En otra carta del otoño de 1927, Hofmannsthal se había referido a esa Viena que aún recordaba de su juventud como una ciudad “en la que la corte y la aristocracia lo eran todo” y dos meses después insistió en que Arabella nada podía dejar de ser “auténtico” y en que la acción había de desarrollarse en “la auténtica Viena de 1860, del mismo modo que El caballero de la rosa debe una parte de su éxito a que todo sucede en la Viena auténtica de 1740″. Meses después inunda a la primera de nuevos adjetivos: “más vulgar, más sobria, más ordinaria, deseosa de divertirse, frívola, endeudada”, por lo que no es extraño que el salvador de Arabella (y su familia) sea alguien llegado de fuera, el croata Mandryka, procedente de un mundo caracterizado por “la pureza de sus pueblos, sus robledales jamás rozados por el hacha, sus antiguas canciones folclóricas”. El deus ex machina de su “comedia vienesa” procede, significativamente, de una tierra ajena, de los “vastos espacios de la gran mitad eslava de Austria”.

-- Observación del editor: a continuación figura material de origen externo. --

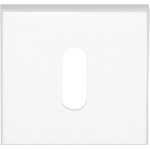 Sleutelplaatje LSQBN50 wit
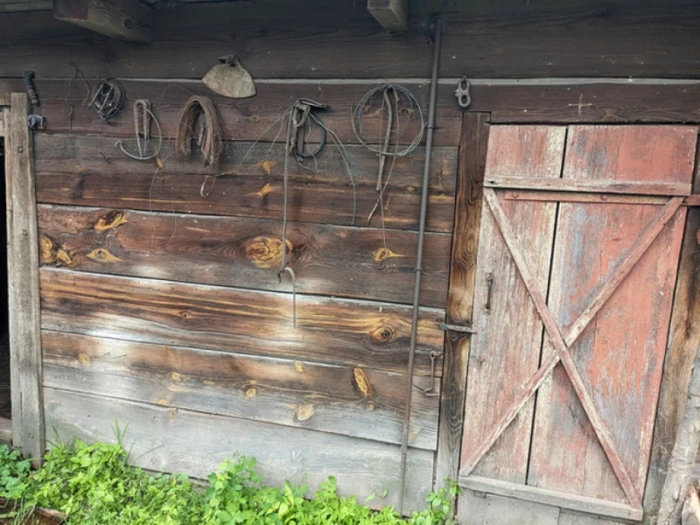 Замлиння на Любомльщині: як живе село, де час зупинився серед рудих котів і квітів в вазах 11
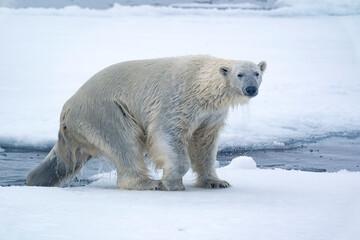 North of Svalbard, pack ice. A polar bear emerges from the water.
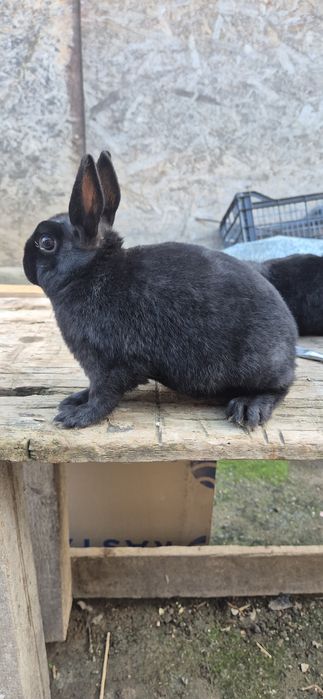 Vând iepure rex pitic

Cuando Arabella se estrenó en la Staatsoper de Viena el 21 de octubre de 1933, tras haberse representado ya desde julio en Dresde, Berlín, Fráncfort, Wiesbaden y Stralsund, Hitler era el canciller de Alemania, tres semanas después Richard Strauss aceptaría el nombramiento de presidente de la recién creada Cámara de Música del Reich y en Austria se oteaba en el horizonte el fallido golpe de Estado de julio del año siguiente. De ahí que, en su producción de Arabella para la Ópera de Zúrich, un director como Robert Carsen decidiera trasladar la acción a la Viena de 1938, el año del Anschluss, y que los tres pretendientes de Arabella, en vez de condes, fueran oficiales nazis que lucen orgullosos las esvásticas en sus uniformes. La producción de Christof Loy que se verá en Madrid prefiere ahondar en los pequeños componentes psicológicos, en las complejas relaciones familiares, en las identidades sexuales, en los dilemas morales que van desplegándose, sotto voce, en la cuarta Viena, que no es otra que esa —bajo tierra, fulgor envuelto en podredumbre— que el propio Hofmannsthal —Karl Kraus a un lado, Thomas Bernhard al otro— describió a su amigo Carl Jacob Burckhardt el 25 de octubre de 1926, en pleno período de gestación intelectual de Arabella: “Para mí, Viena es un lugar muy difícilmente soportable (...). Para usted, todo es un decorado teatral y le habla de cosas que están muertas, pero eso supone para usted un encanto añadido. Para mí es casi todo espantoso”.
‘Arabella’. Richard Strauss. Teatro Real. Madrid. Del 24 de enero al 12 de febrero.